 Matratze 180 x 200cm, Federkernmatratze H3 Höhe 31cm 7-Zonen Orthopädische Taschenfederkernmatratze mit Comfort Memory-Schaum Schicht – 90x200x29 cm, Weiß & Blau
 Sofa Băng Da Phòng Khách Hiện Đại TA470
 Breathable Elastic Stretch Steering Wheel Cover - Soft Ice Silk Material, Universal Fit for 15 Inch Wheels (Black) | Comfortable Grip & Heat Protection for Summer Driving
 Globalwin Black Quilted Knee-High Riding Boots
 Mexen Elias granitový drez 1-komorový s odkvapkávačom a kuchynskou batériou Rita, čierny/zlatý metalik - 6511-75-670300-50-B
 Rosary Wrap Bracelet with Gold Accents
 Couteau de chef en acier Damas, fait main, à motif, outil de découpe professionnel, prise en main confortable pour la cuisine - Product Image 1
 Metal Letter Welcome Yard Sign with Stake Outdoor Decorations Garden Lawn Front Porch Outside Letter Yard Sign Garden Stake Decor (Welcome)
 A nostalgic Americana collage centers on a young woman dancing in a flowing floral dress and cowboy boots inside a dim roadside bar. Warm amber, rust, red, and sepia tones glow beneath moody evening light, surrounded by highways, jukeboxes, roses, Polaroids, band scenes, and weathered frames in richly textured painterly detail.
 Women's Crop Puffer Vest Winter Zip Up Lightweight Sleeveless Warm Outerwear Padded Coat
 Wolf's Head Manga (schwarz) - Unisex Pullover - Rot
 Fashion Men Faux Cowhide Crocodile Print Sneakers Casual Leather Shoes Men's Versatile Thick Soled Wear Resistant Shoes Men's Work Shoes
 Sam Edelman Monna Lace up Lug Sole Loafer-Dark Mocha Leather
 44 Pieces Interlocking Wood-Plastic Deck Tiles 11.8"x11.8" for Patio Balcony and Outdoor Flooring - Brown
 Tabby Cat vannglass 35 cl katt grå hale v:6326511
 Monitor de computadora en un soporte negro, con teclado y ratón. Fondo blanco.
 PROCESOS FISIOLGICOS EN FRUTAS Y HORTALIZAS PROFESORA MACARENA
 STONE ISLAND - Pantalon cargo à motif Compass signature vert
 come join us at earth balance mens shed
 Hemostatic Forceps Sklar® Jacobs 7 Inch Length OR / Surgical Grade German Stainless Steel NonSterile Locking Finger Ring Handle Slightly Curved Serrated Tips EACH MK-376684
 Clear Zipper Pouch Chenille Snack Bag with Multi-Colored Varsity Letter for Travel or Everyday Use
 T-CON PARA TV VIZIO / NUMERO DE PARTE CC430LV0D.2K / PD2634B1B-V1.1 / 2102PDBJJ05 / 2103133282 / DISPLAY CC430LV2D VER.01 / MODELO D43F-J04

◇ ◇ ◇ ◇ ◇ ◇ ◇

## TASK OBJECTIVE
If a line of the entries above includes the word "Black", count it; then state the total and nothing else.

## EXPECTED ANSWER
2